INSTRUCTIONS TO FOLLOW:
The answer consists of the lines from the line holding "Overlooking Horse" through the last line of the entries, retyped exactly, and nothing else. No pictures belong in it.

= Beginning of Section =

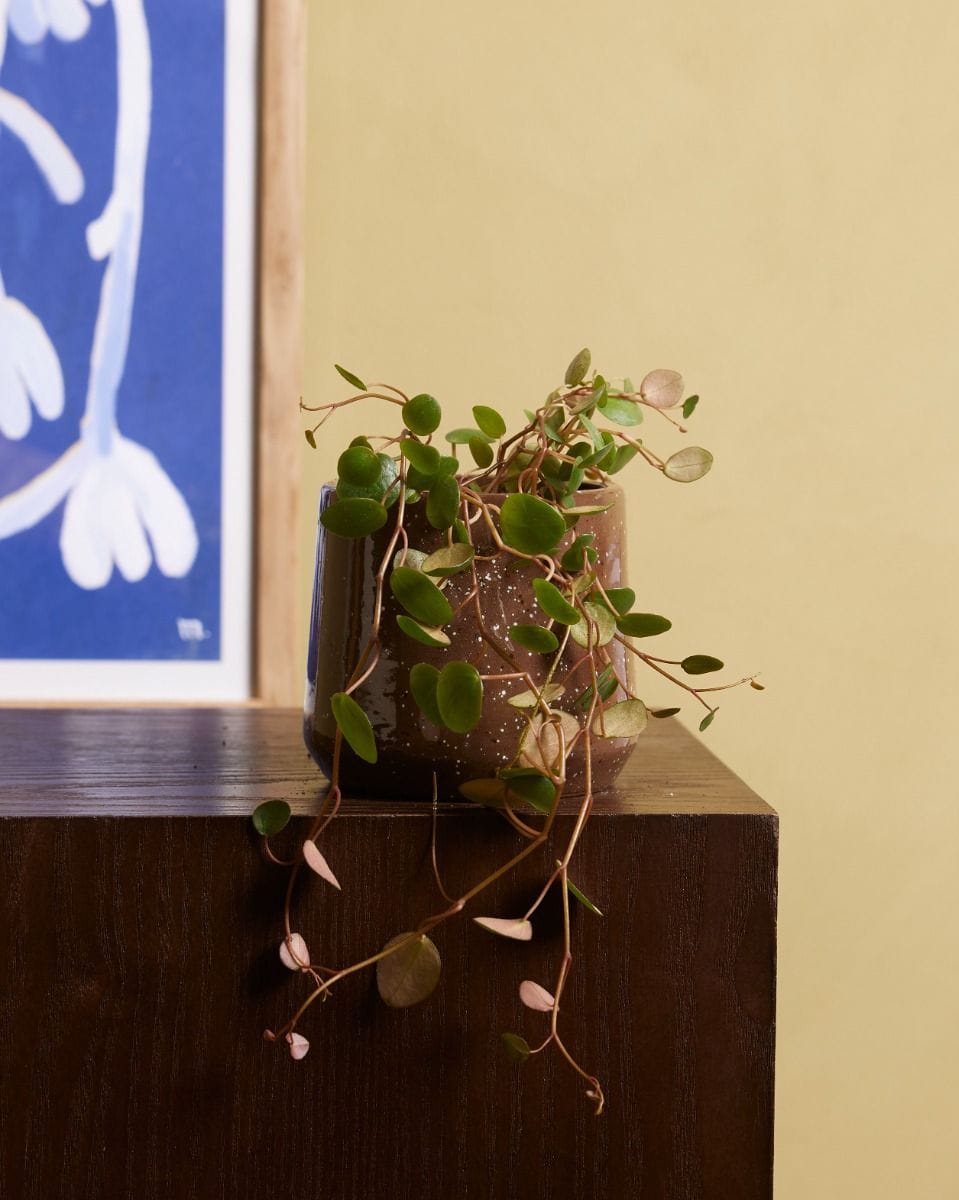 Bebé Peperomia Green Coins Pepperspot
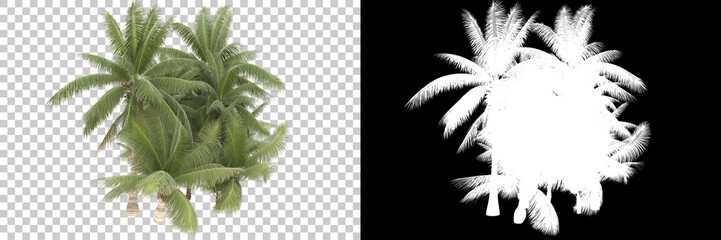 Tropical jungle isolated on background with mask. 3d rendering - illustration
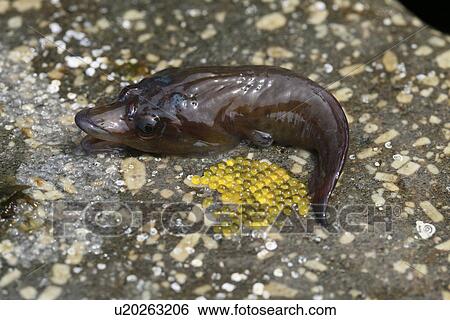 Clingfish and eggs in typical habitat - splash zone of a rocky shore. UK View Large Photo Image Stock Photograph - Clingfish and eggs in typical habitat - splash zone of a rocky shore. UK. Fotosearch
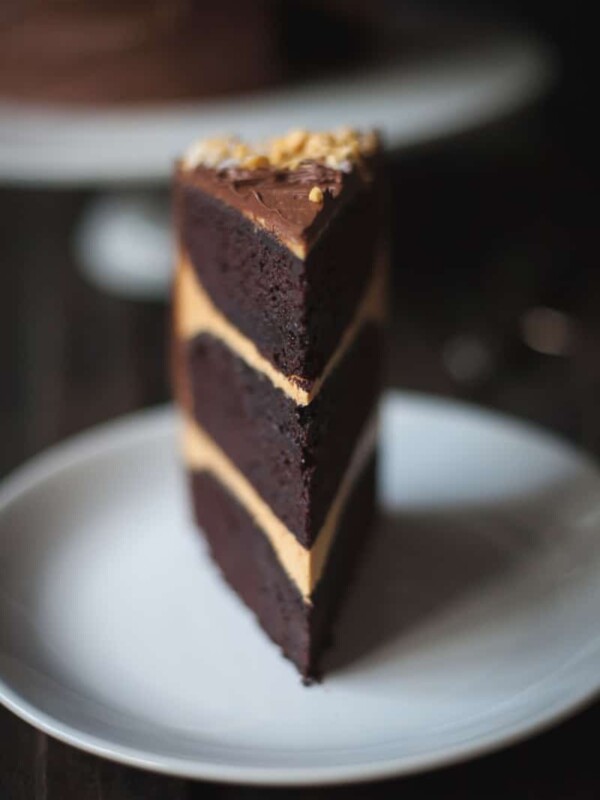 Close up of chocolate honeycomb cake slice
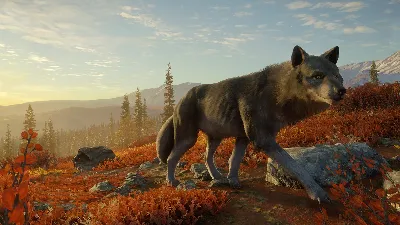 theHunter: Call of the Wild™ - Diamond Bundle XBOX 🔑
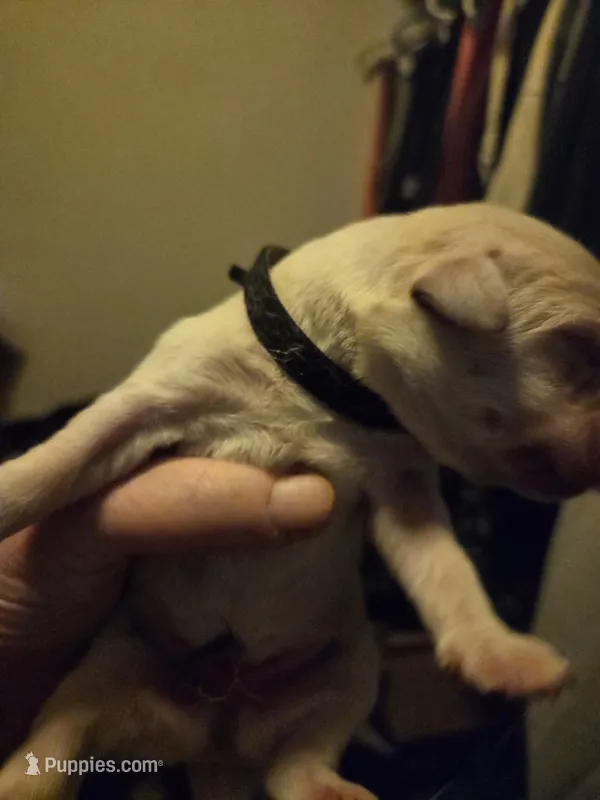 Black collar – Labrador Retriever puppy for sale in Clayton, WA
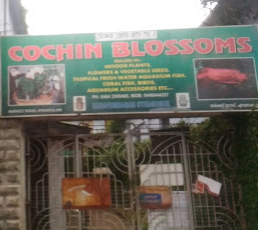 Blossoms - Cochin Image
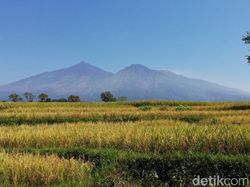 Kabar Gembira, Pendaki Bisa Rayakan Tahun Baru di Arjuno-Welirang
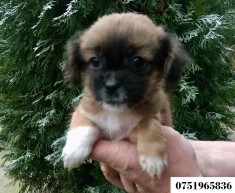 Vand pui Pechinez foto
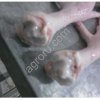 Лапы куриные Feet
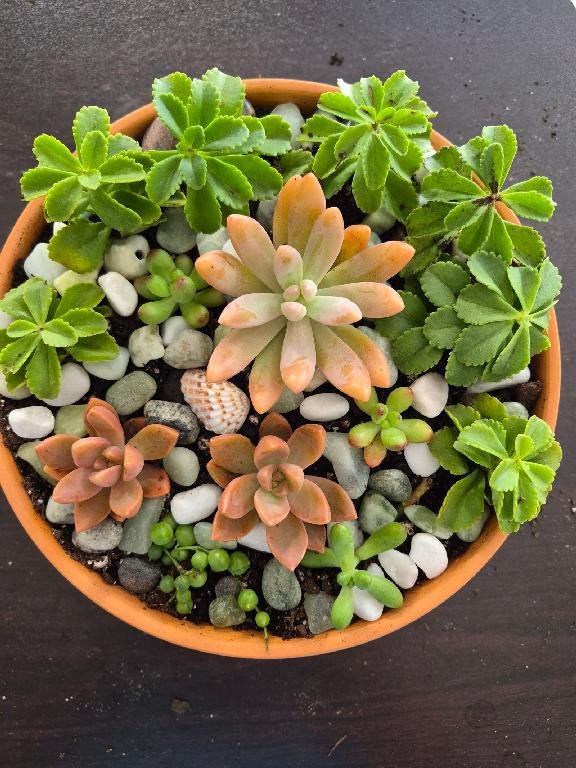 Fall Succulent Planter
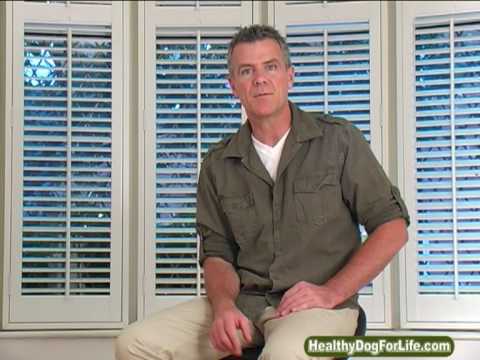 Dog Diabetes: How to Heal Naturally for Pennies Dog Diabetes: How to Heal Naturally for Pennies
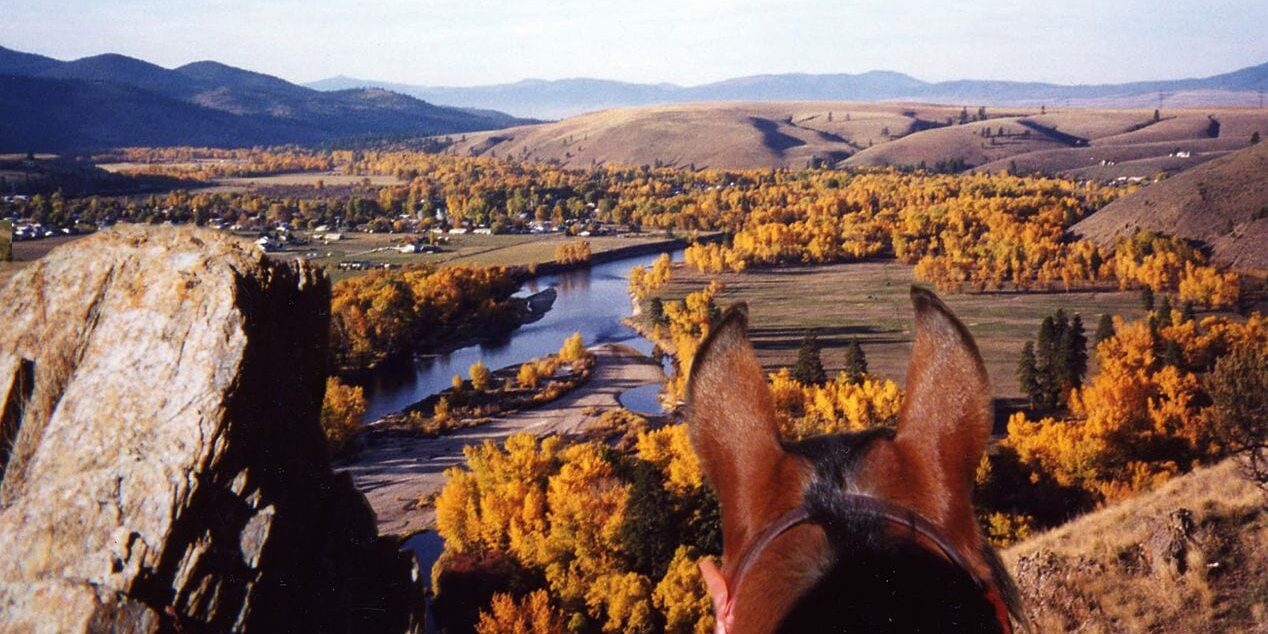 Overlooking Horse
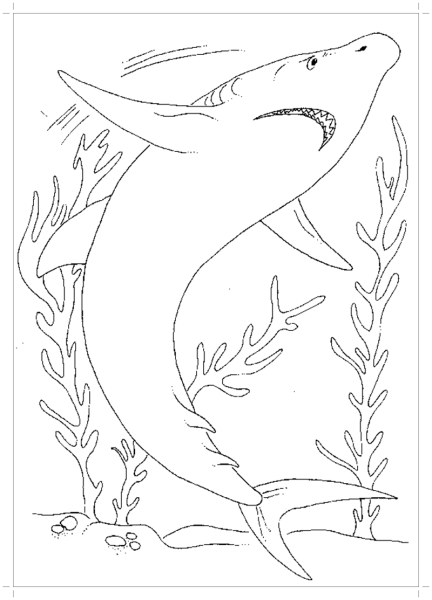 Акула толстой раскраска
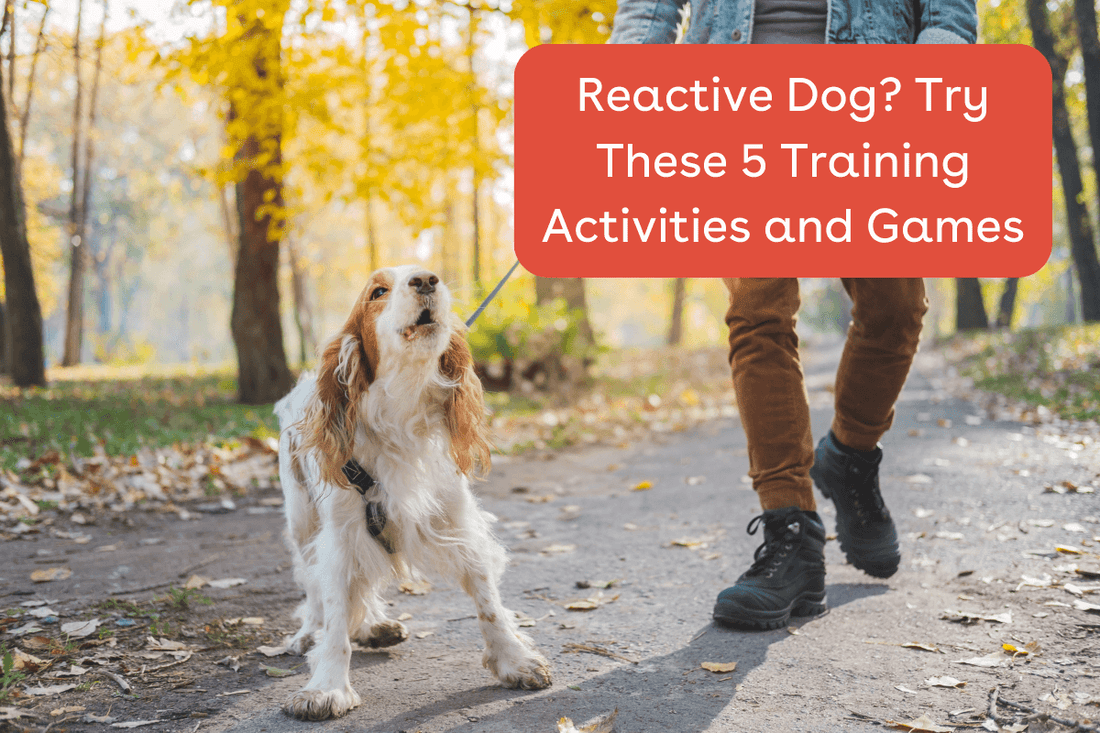 How to Help a Reactive Dog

= End of Section =

ANSWER SPACE:
 Overlooking Horse
 Акула толстой раскраска
 How to Help a Reactive Dog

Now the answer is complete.